In PHASE #2, the performance gap between the two kernel methods was pronounced. GPR attained only 60.02% accuracy with R2 = −0.100, confirming that full Bayesian interpolation with a smooth Matérn kernel is ill-suited to the high-dimensional BOF dataset (31 features, 69 heats). In contrast, SVR with cross-validated regularization achieved 72.10% and R2 = 0.277, representing the highest R2 of any model in this phase and a practically meaningful improvement over ridge regression (65.59%).
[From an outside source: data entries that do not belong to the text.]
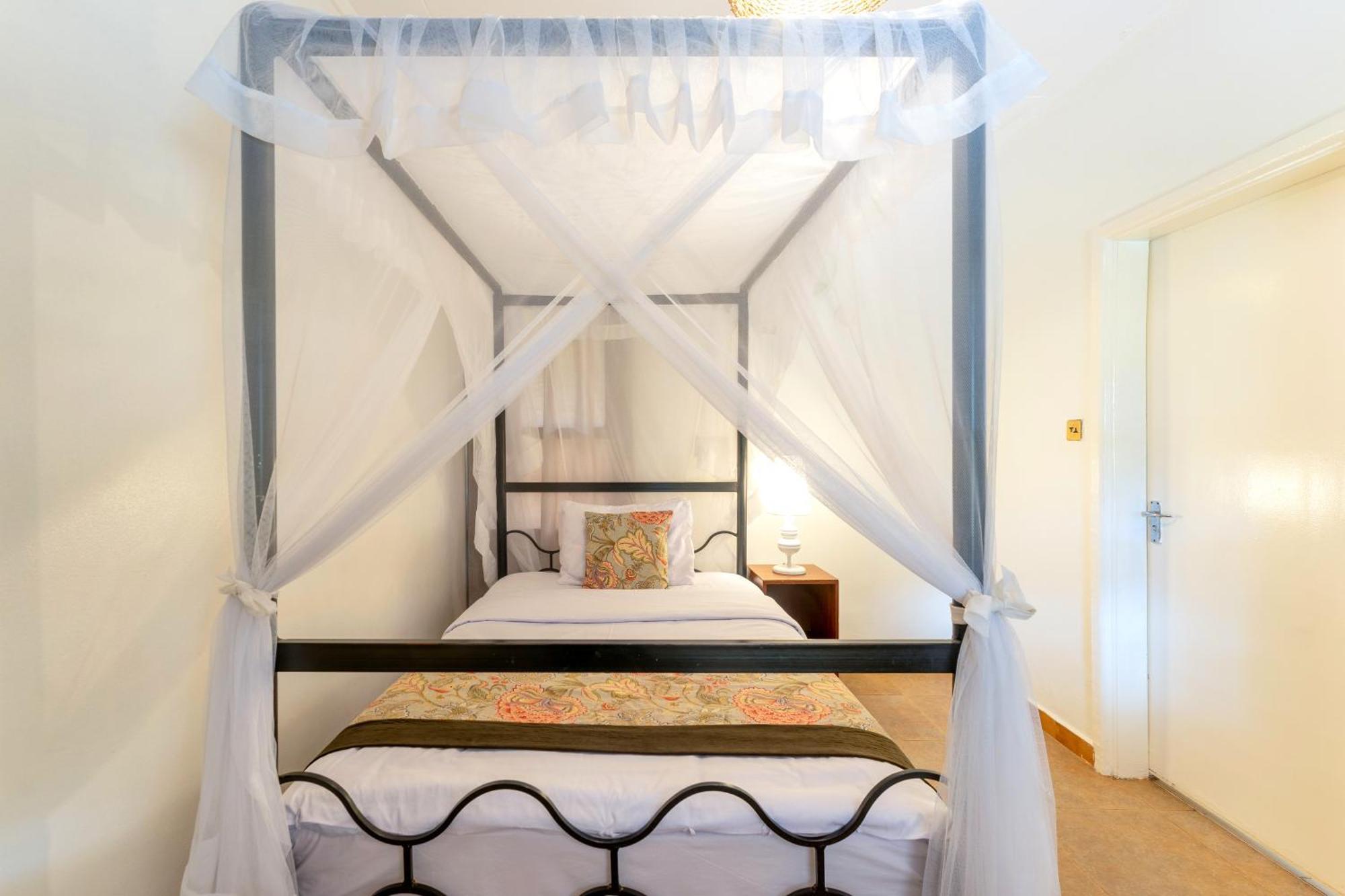 Masindi Hotel Kültér fotó
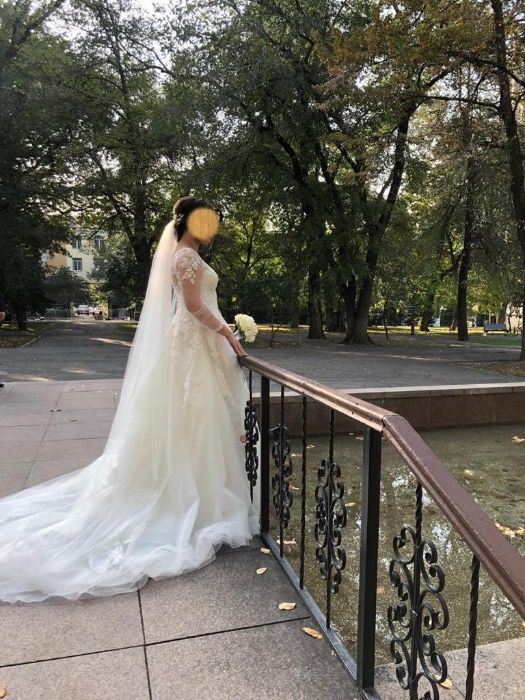 Продам оригинальное свадебное платье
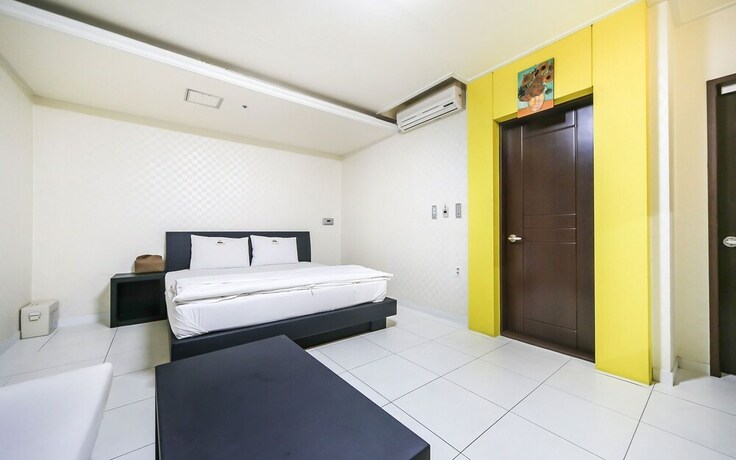 Imagen de la habitación del Hotel Daegu Dongdaegu Station In The. Foto 23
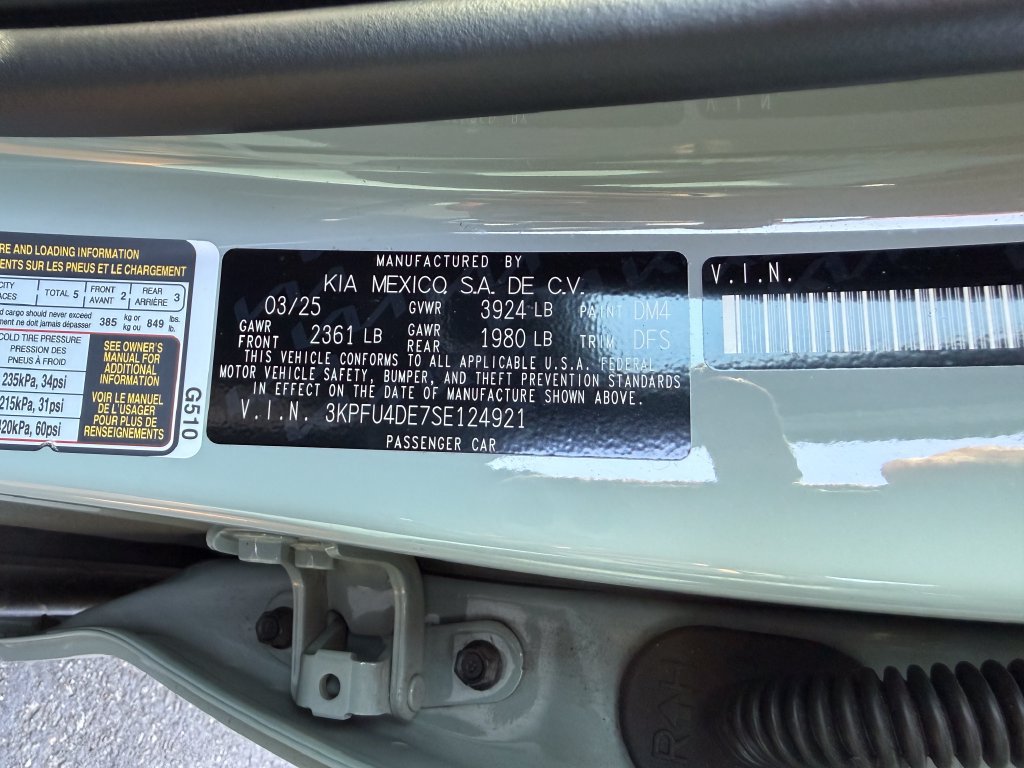 Certified 2025 Kia K4 EX FWD image 31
The superiority of SVR in this phase confirms that explicit margin-based complexity control via the -insensitive tube provides better generalization than kernel interpolation under an unfavorable feature-to-sample ratio.
4.3. Performance Metrics Interpretation of PHASE #3
Table 12 presents a summary of the predictive performance of the statistical models used to estimate nitrogen content in steel at the beginning of secondary steelmaking (PHASE #3). This summary integrates the results generated by each individual statistical method employed in the prediction analysis.
PHASE #3 exhibits a distinctive pattern: linear regression (79.06%) and FNN (79.01%) achieved virtually identical best performance, whilst polynomial regression significantly failed with a negative accuracy of −48.16%. The near-identical performance of the simplest and most complex models strongly suggests that the relationship between the 11 input features and nitrogen content at the beginning of secondary metallurgy is predominantly linear in character.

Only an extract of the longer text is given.